Tom Wallisch on the Anchorage Green Rail. PHOTO: ERIK SEO/LEVEL 1

Words: Logan Imlach

Alaska—the home of steep lines, never-ending spine walls, and the only place on earth where people film pornography from helicopters. With 134.5 inches of snowfall in Anchorage during the 2011-12 winter—breaking the all-time record held since 1955—I returned to my home state to document the urban phenomenon in Alaska's largest city, rather than the typical destination of the Chugach.

With snow levels down across North America, almost every snowboard and ski film crew looked to shoot urban segments in Anchorage. My secret gem was no longer so secret. Level 1 Productions employed the use of my database of locations and 25 years of experience in and around Anchorage to guide their annual jib trip.

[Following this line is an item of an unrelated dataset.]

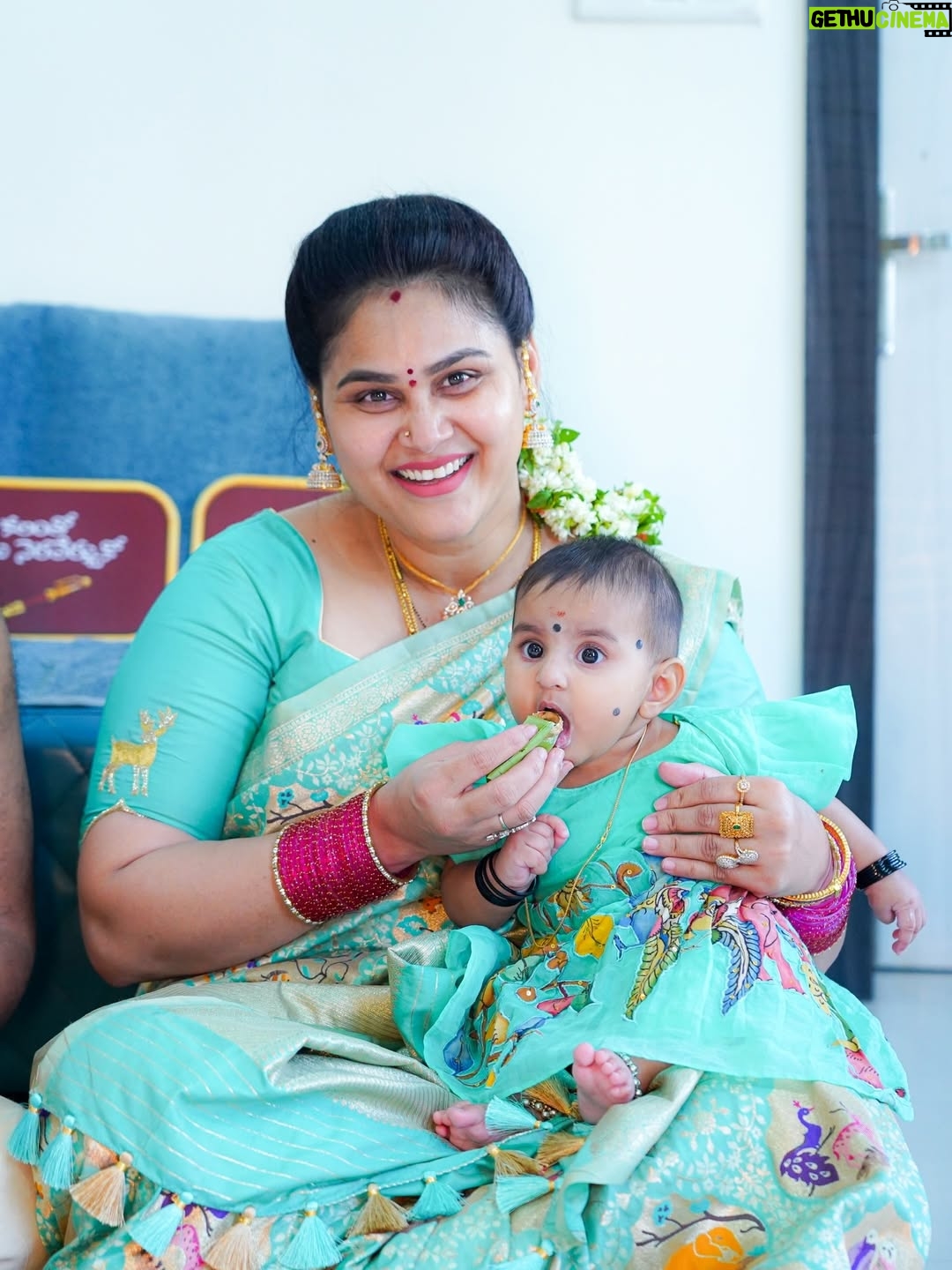 Madhu Reddy - 19.6K Likes - హిత్విక అన్నప్రాసన 🧿🧿😘 @im_hithvikareddy_dadyprinces @purvikaareddy @madithatikrishnakishore 

#insta #instamood #instagram #feed #viral #foodceremony #annaprasana #annaprasanaceremony❤️🍚😋 #kids #telugu #telugufestival #happy #family #familytime❤️ #familyfirst❤️ #familylove❤️ #trend #trendingnow #festival #mother #motherdaughterlove #fatherlove #fatherdaughterlove❤️ #fatheranddaughter #mothercare #feelings #emotional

"I made this promise to myself that I was never going to go to AK until I was doing the big mountain-heli thing," says Level 1 Cinematographer Kyle Decker. "I was looking at Finland, Sweden, and Japan as urban spots because there's only a small window to film. But the amount of snow they had in Alaska made us make that call."
For a majority of the typical spots, however, there was simply too much snow. Still, the influx of snow made a few of my dream gems that much more realistic.

The first feature is a popular Anchorage spot. The green rail [pictured] is typically hit as a short down, but we use my not-so-trusty winch Bridget and hit it as a C-to-down with a drop all along the inside.

"We hit that on New Year's Eve," recalls Decker. "During the middle of the session, someone left to pick up [Mike] Hornbeck from the airport. He showed up, we sessioned for a little longer and then celebrated the New Year."

On a busy street near downtown Anchorage, we prepared to film a rail-to-bank transition. Directly across the street, we set a couple of things in a driveway, and, of course, the owner returns home. She throws a fit—chucking our gear out of her driveway—and storms into her house. We build our jump, opting to leave and let it set overnight. As we finished packing up, I approach the woman's door, trying to hash it out.

"What do you want?" she sneers.

I apologize to her about our gear in her driveway and let her know about our plans for the next day.

"Were you the snowboarders that were out here getting towed across the street with that loud motor at 2 in the morning a couple weeks ago?" she asks.

"No, we ski," I say, and ensure that we never, ever hit features at that obscene of an hour, which isn't completely true. After some light conversation, we part ways, both smiling.

Apparently, all the screws weren’t the only ones exposed to a burgeoning urban scene.

"Alaska has a lot more to offer than skiing big lines," says Decker. "It's one of the new frontiers for street skiing."